Reproduce the entries that follow exactly, dropping each image.

◆ ◆ ◆ ◆ ◆

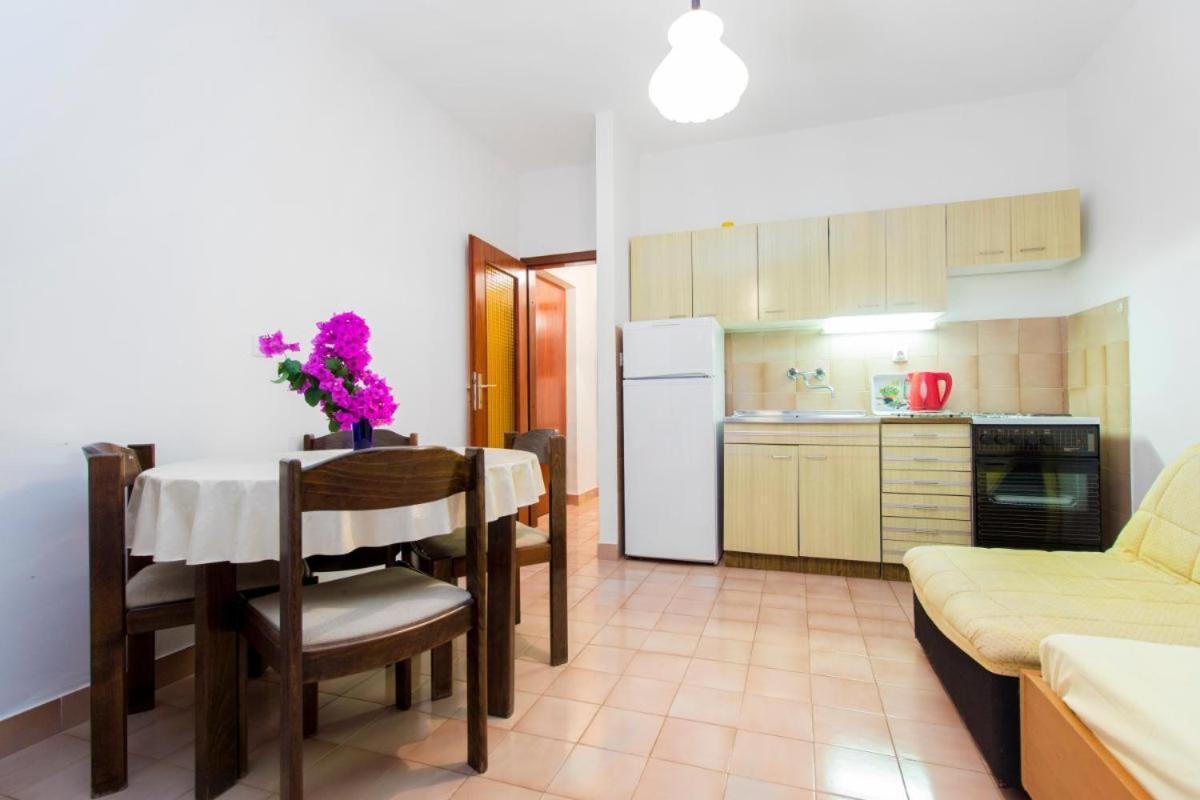 7 Olives Apartments Rogoznica  Szoba fotó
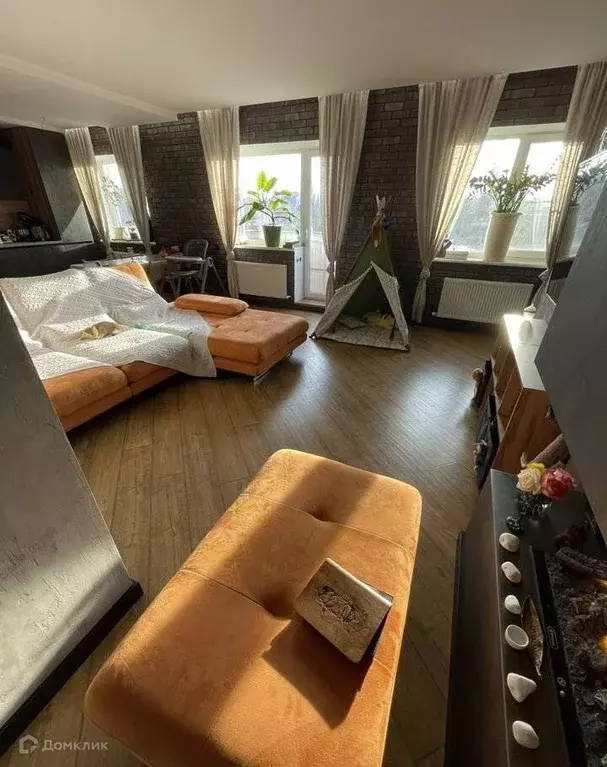 Продаётся квартира-студия, 111.2 м - Фото 0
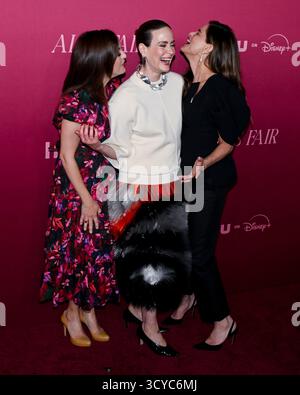 16 octobre 2025, West Hollywood, Californie, États-Unis : CARLA GALLO, SARAH PAULSON et AMANDA PEET assistent à la première mondiale de ''All's Fair'' de Hulu (crédit image : © Billy Bennight/ZUMA Press Wire) USAGE ÉDITORIAL SEULEMENT ! Non destiné à UN USAGE commercial ! Banque D'Images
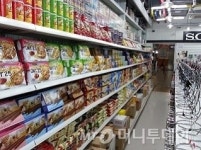 프랜차이즈 대신 유통형 창업.. 수입과자 매장 ‘구스토스낵’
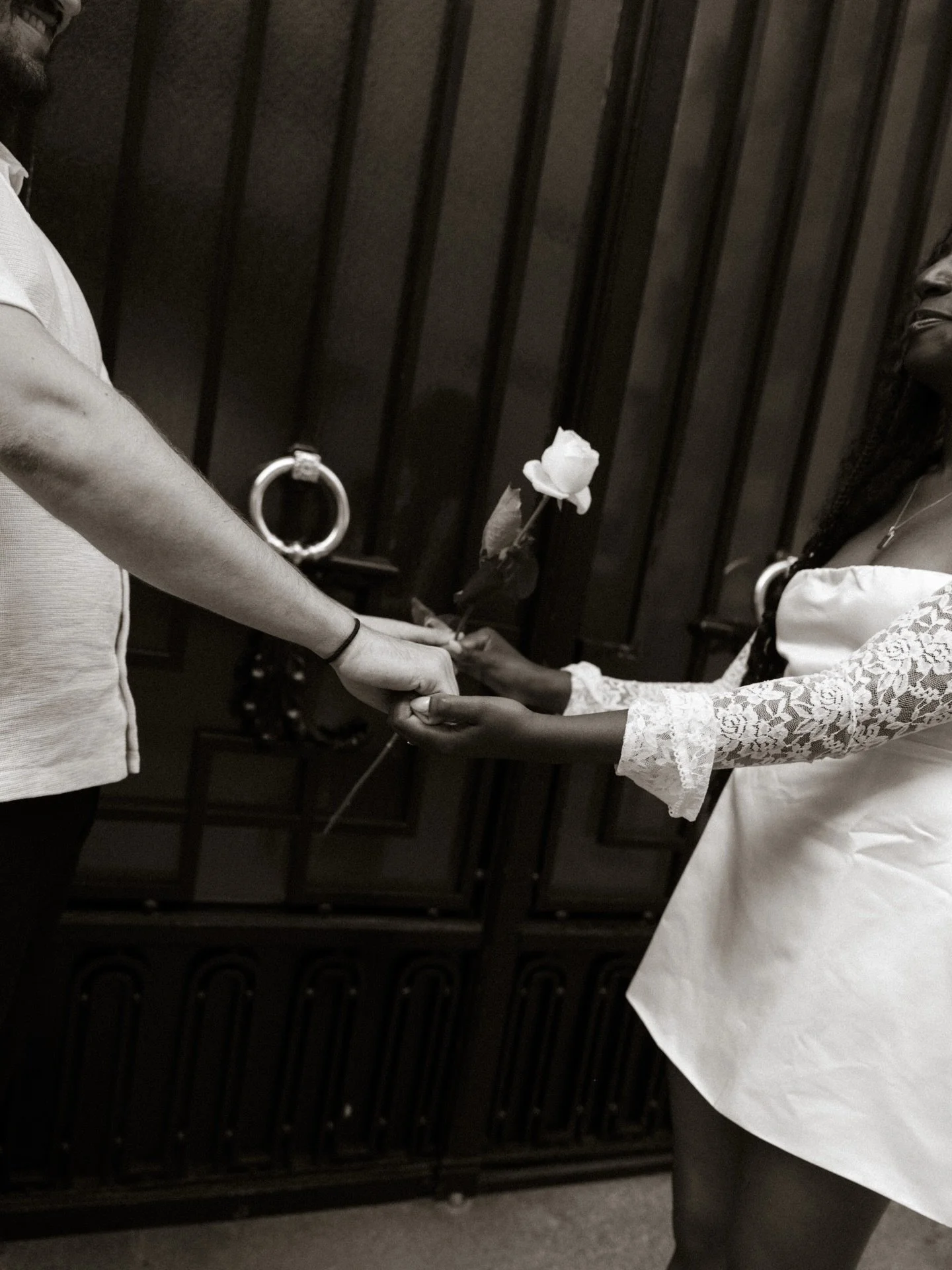 🌹

#photographemariageparis
#parisweddingphotographer
#francedestinationwedding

◆ ◆ ◆ ◆ ◆

• [TASK OUTPUT]
 7 Olives Apartments Rogoznica  Szoba fotó
 Продаётся квартира-студия, 111.2 м - Фото 0
 16 octobre 2025, West Hollywood, Californie, États-Unis : CARLA GALLO, SARAH PAULSON et AMANDA PEET assistent à la première mondiale de ''All's Fair'' de Hulu (crédit image : © Billy Bennight/ZUMA Press Wire) USAGE ÉDITORIAL SEULEMENT ! Non destiné à UN USAGE commercial ! Banque D'Images
 프랜차이즈 대신 유통형 창업.. 수입과자 매장 ‘구스토스낵’
 🌹

#photographemariageparis
#parisweddingphotographer
#francedestinationwedding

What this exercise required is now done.